**Exercise description**
Starting with the line that contains "10363 Ashworth Ave", repeat each line exactly through the final line of the listing. No picture should appear in the copy.

◆ ◆ ◆ ◆ ◆ ◆ ◆

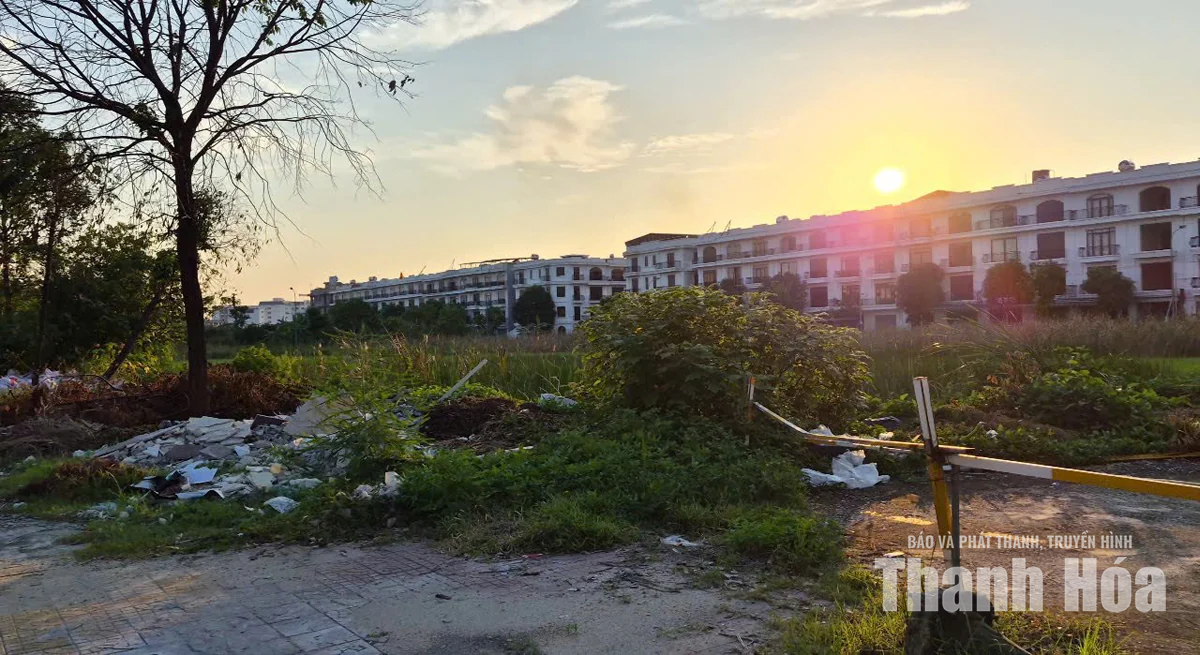 Đằng sau những mặt bằng&nbsp;khu dân cư vắng bóng người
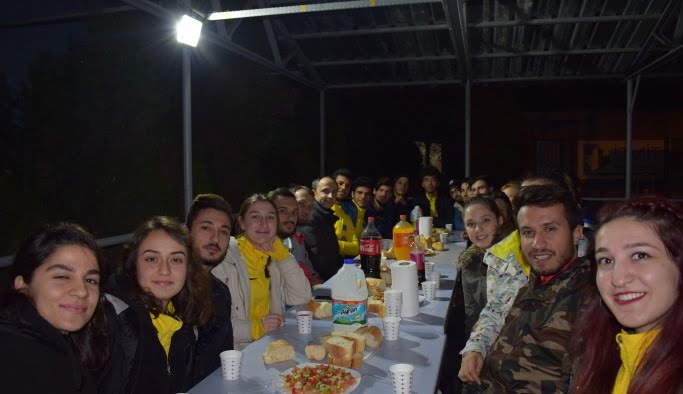 Mangal partisi yaptılar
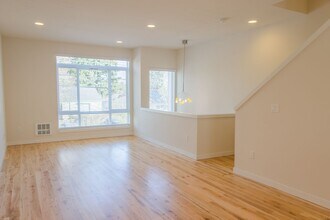 10363 Ashworth Ave N in Seattle, WA - Building Photo - Building Photo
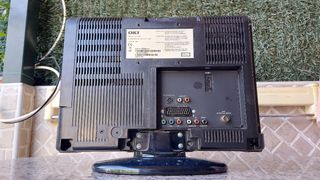 TELEVISIÓN 16 PULGADAS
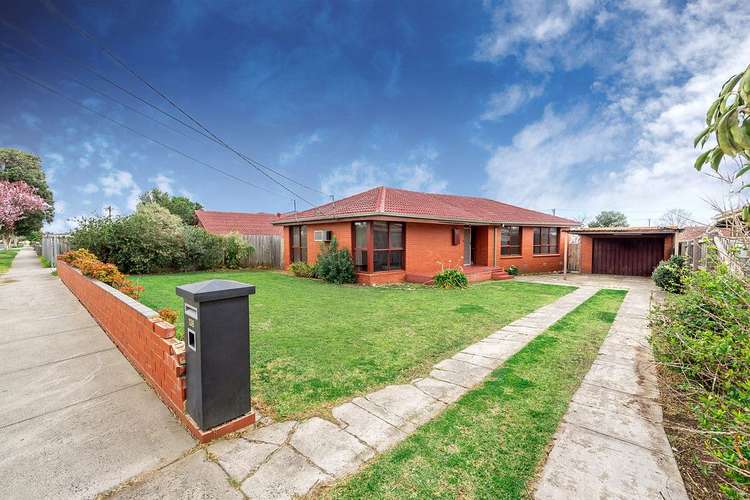 Main view of Homely house listing, 136 Casey Drive, Lalor VIC 3075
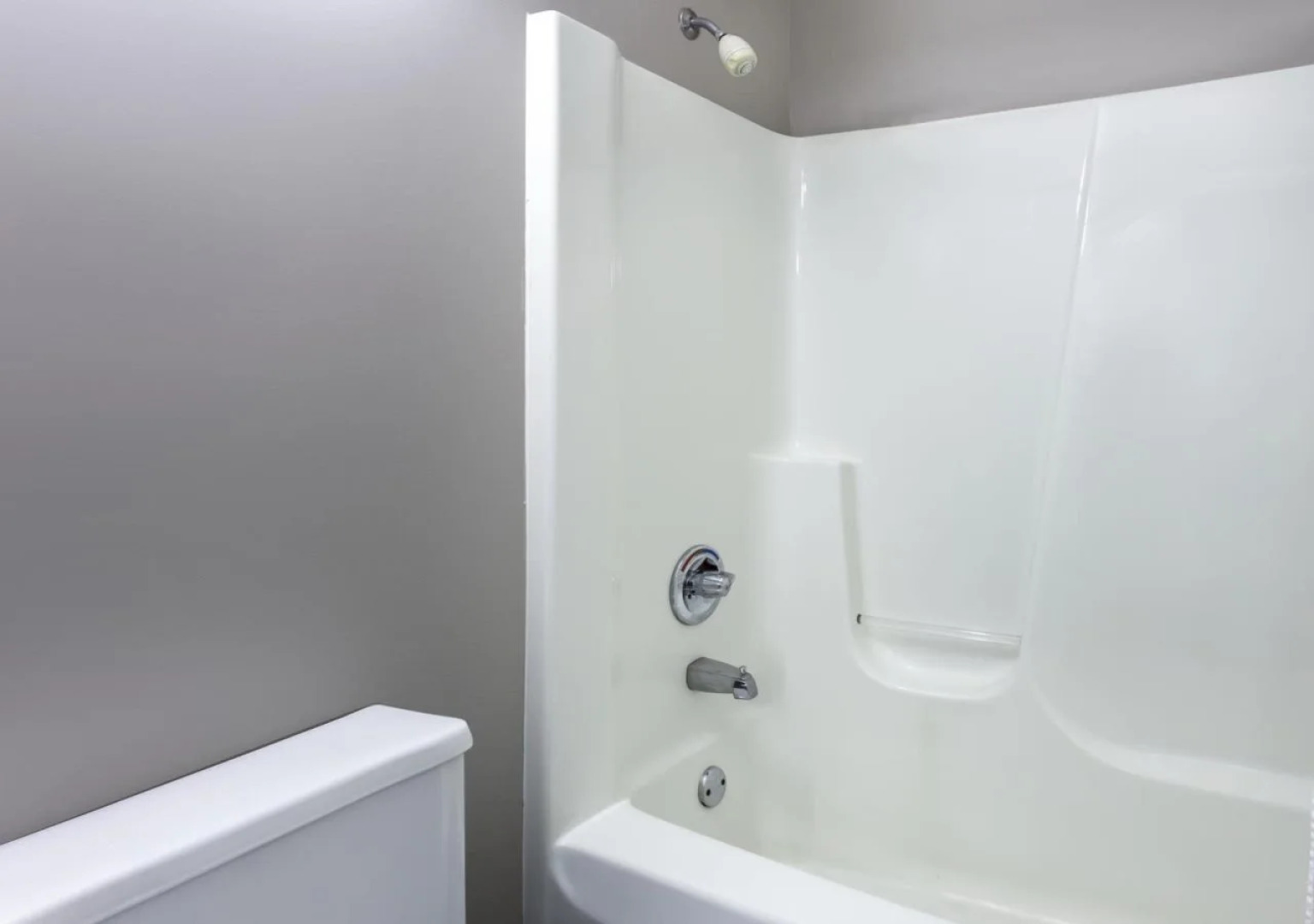 Delavan Inn and Suites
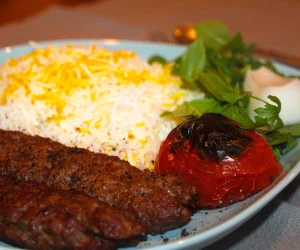 خوردن کباب با سماق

◆ ◆ ◆ ◆ ◆ ◆ ◆

**Task output**
 10363 Ashworth Ave N in Seattle, WA - Building Photo - Building Photo
 TELEVISIÓN 16 PULGADAS
 Main view of Homely house listing, 136 Casey Drive, Lalor VIC 3075
 Delavan Inn and Suites
 خوردن کباب با سماق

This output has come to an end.